Entering Smith’s Unscripted exhibit feels like walking through an adventurer’s scrapbook. Smith’s playful and ambitious dreamscape exists outside of time. He has created a past future just as the science fiction writer Ray Bradbury described it.
Smith’s large sculptures look like useful objects. They are formed from rope and wood and rough-hewn canvas, tied together with so many knots and stitches. His art has a Boy Scout aesthetic. Canvases along the walls hold building plans drawn and altered in succession, befitting the creation of the wondrous contraptions arranged throughout the gallery. His crisp graphics of negative images appear to be made by a blinding sun searing unfinished, impractical design plans onto color soaked canvases.
The objects throughout the exhibition space represent active lives. His Ovoo is a teepee fort of found objects that looks as if built by busy 12 year olds on a summer day. Arranged as they are, Smith’s intricate sculptural oddities inspire a soundtrack of sea gulls and fog horns, the hum of the gallery’s air conditioning unit attempts to fill the auditory void.

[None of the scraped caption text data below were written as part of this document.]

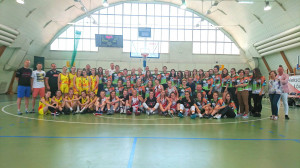 34582830_1725001937587600_5682897342185865216_o-300x224.jpg 9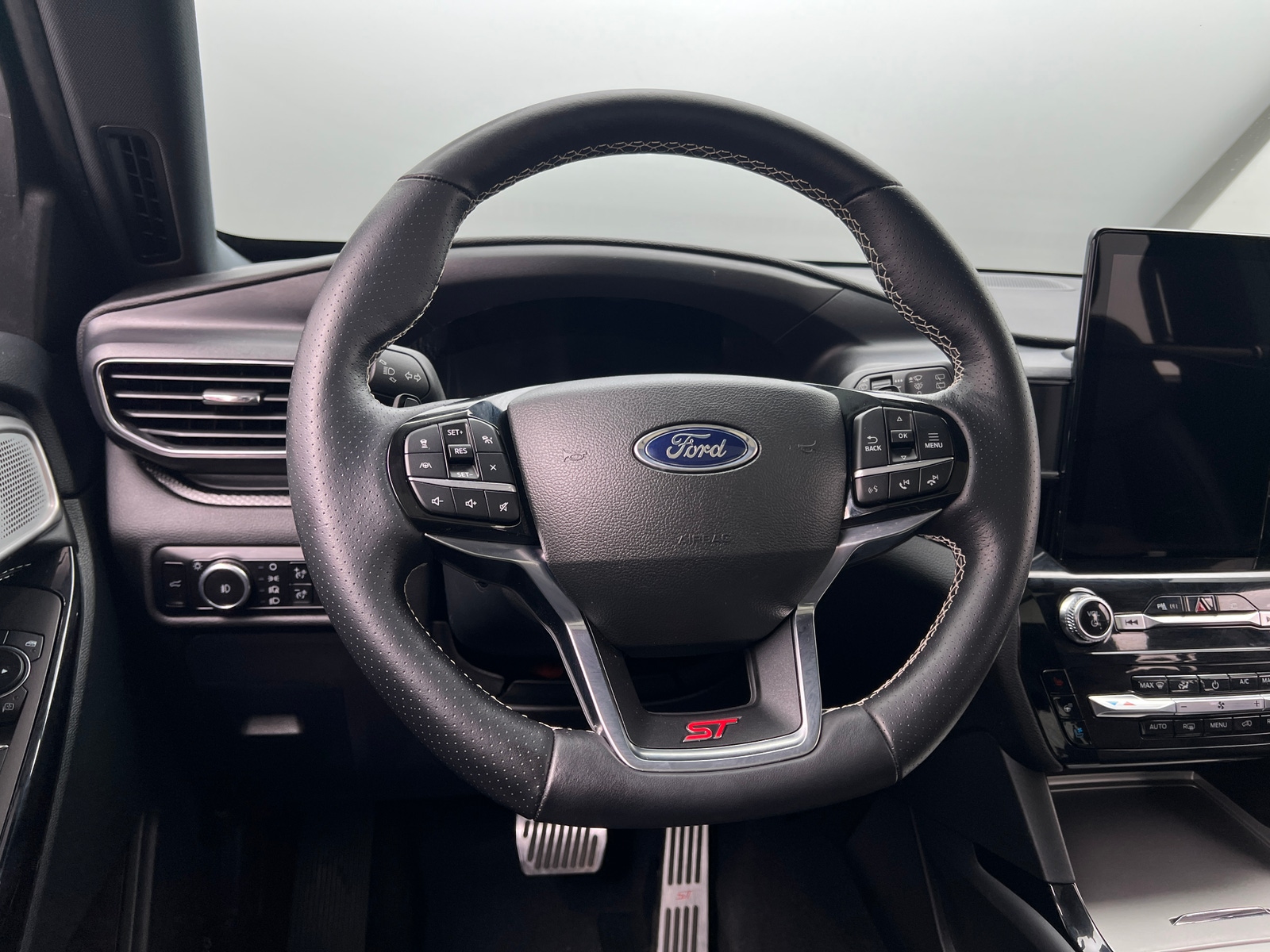 Thumbnail: 2023 Ford Explorer - 4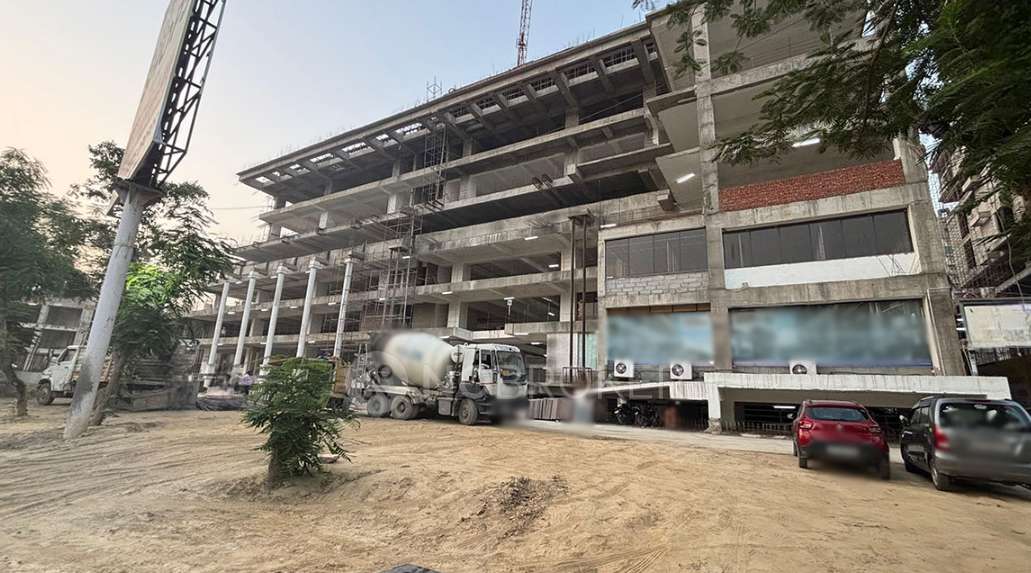 Shop in Sector-16b, Greater_noida for sale 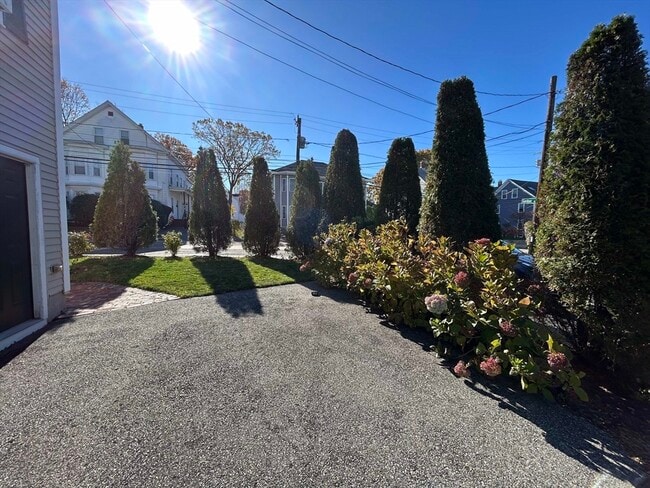 Building Photo - 90 High St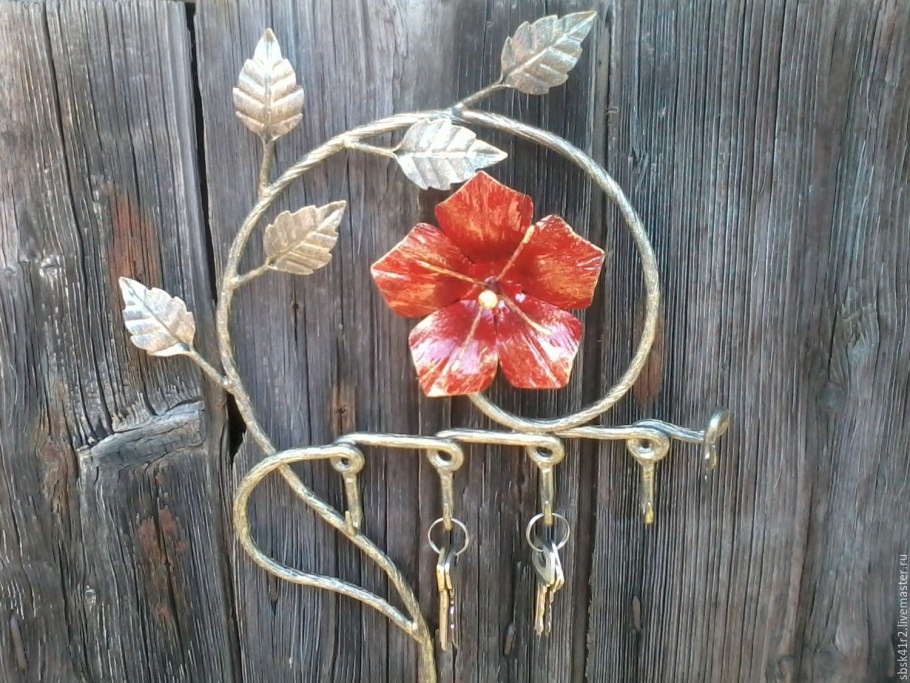 Кованая ключница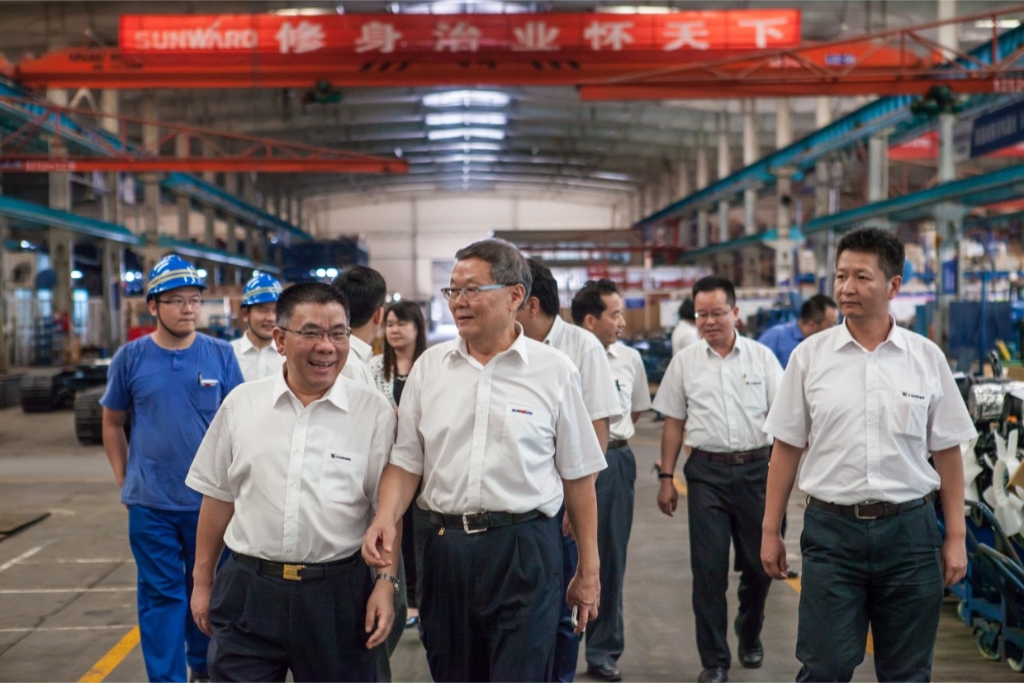 柳工集团曾光安董事长一行开云kaiyun网页版官网_开云kaiyun（中国）智能考察交流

Zeppelins have a bold presence in Smith’s oeuvre as do rockets and scaffolded grain elevators and water towers. Speed Triple Combine offers an archive of aviation motifs including a heavily worn flight suit with a rusted scarf. Much of Smith’s iconography connotes fantastical travel. A motorcycle from yesteryear appears as if an imprint from a dream.
The burnt at the edges red drowned canvas of Red Combine is held to earth only by a long red cord attached to three red blocks. It is a tentative mooring. A sandbag holds down one of the two Streamliner sculptures as if it might rise into the air. Bright blue splotches along the flying machine suggest a recent trip through painted sky.